> _ABOUT THIS EXERCISE_
The response must consist of each line in the listing that has the word "Latitude" in it.

> _MATERIALS PROVIDED_
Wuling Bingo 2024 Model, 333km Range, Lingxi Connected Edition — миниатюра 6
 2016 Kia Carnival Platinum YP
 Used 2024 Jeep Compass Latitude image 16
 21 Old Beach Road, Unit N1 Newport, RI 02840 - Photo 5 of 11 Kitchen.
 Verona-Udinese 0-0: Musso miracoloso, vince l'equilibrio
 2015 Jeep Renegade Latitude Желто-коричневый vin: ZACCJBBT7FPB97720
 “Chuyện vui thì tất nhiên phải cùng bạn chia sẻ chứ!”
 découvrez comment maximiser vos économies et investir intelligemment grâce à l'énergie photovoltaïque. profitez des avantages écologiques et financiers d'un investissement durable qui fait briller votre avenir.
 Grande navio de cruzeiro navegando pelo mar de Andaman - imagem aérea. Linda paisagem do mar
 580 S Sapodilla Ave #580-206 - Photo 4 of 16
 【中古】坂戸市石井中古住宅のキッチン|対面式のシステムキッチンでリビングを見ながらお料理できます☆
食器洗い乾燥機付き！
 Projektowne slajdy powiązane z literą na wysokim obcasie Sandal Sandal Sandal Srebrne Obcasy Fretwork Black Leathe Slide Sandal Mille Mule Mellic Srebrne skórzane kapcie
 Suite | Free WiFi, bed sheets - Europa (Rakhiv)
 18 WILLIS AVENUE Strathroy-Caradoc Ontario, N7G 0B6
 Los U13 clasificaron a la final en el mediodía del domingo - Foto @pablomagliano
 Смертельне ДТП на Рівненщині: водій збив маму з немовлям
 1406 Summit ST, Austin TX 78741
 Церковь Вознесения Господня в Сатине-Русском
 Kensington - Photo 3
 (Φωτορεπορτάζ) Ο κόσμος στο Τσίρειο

> _EXERCISE RESPONSE_
 Used 2024 Jeep Compass Latitude image 16
 2015 Jeep Renegade Latitude Желто-коричневый vin: ZACCJBBT7FPB97720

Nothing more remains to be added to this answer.